[Data extracted from a collection]

┏━━

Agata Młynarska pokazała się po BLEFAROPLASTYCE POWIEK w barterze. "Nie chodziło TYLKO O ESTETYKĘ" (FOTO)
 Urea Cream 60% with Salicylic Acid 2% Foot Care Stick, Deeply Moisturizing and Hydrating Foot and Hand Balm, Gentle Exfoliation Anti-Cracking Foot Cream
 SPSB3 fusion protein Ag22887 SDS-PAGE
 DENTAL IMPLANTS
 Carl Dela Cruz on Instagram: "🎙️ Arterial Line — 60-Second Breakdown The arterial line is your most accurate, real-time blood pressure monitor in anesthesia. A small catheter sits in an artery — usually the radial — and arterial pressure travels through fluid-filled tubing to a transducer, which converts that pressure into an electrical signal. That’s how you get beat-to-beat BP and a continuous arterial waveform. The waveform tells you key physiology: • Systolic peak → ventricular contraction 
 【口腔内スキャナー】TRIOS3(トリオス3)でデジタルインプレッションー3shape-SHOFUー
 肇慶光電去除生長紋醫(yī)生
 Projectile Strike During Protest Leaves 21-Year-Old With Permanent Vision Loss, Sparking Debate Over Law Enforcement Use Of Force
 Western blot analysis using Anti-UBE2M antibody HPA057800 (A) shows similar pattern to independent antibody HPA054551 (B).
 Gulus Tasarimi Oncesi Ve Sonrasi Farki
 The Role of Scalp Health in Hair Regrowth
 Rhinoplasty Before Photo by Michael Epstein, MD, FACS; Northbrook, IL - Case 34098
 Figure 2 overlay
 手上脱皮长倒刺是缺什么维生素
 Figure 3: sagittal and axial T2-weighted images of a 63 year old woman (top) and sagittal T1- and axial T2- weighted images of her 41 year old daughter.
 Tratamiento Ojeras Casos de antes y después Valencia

┗━━

## Your task
Your task is to reproduce each entry exactly.

## Solved problem
Agata Młynarska pokazała się po BLEFAROPLASTYCE POWIEK w barterze. "Nie chodziło TYLKO O ESTETYKĘ" (FOTO)
 Urea Cream 60% with Salicylic Acid 2% Foot Care Stick, Deeply Moisturizing and Hydrating Foot and Hand Balm, Gentle Exfoliation Anti-Cracking Foot Cream
 SPSB3 fusion protein Ag22887 SDS-PAGE
 DENTAL IMPLANTS
 Carl Dela Cruz on Instagram: "🎙️ Arterial Line — 60-Second Breakdown The arterial line is your most accurate, real-time blood pressure monitor in anesthesia. A small catheter sits in an artery — usually the radial — and arterial pressure travels through fluid-filled tubing to a transducer, which converts that pressure into an electrical signal. That’s how you get beat-to-beat BP and a continuous arterial waveform. The waveform tells you key physiology: • Systolic peak → ventricular contraction 
 【口腔内スキャナー】TRIOS3(トリオス3)でデジタルインプレッションー3shape-SHOFUー
 肇慶光電去除生長紋醫(yī)生
 Projectile Strike During Protest Leaves 21-Year-Old With Permanent Vision Loss, Sparking Debate Over Law Enforcement Use Of Force
 Western blot analysis using Anti-UBE2M antibody HPA057800 (A) shows similar pattern to independent antibody HPA054551 (B).
 Gulus Tasarimi Oncesi Ve Sonrasi Farki
 The Role of Scalp Health in Hair Regrowth
 Rhinoplasty Before Photo by Michael Epstein, MD, FACS; Northbrook, IL - Case 34098
 Figure 2 overlay
 手上脱皮长倒刺是缺什么维生素
 Figure 3: sagittal and axial T2-weighted images of a 63 year old woman (top) and sagittal T1- and axial T2- weighted images of her 41 year old daughter.
 Tratamiento Ojeras Casos de antes y después Valencia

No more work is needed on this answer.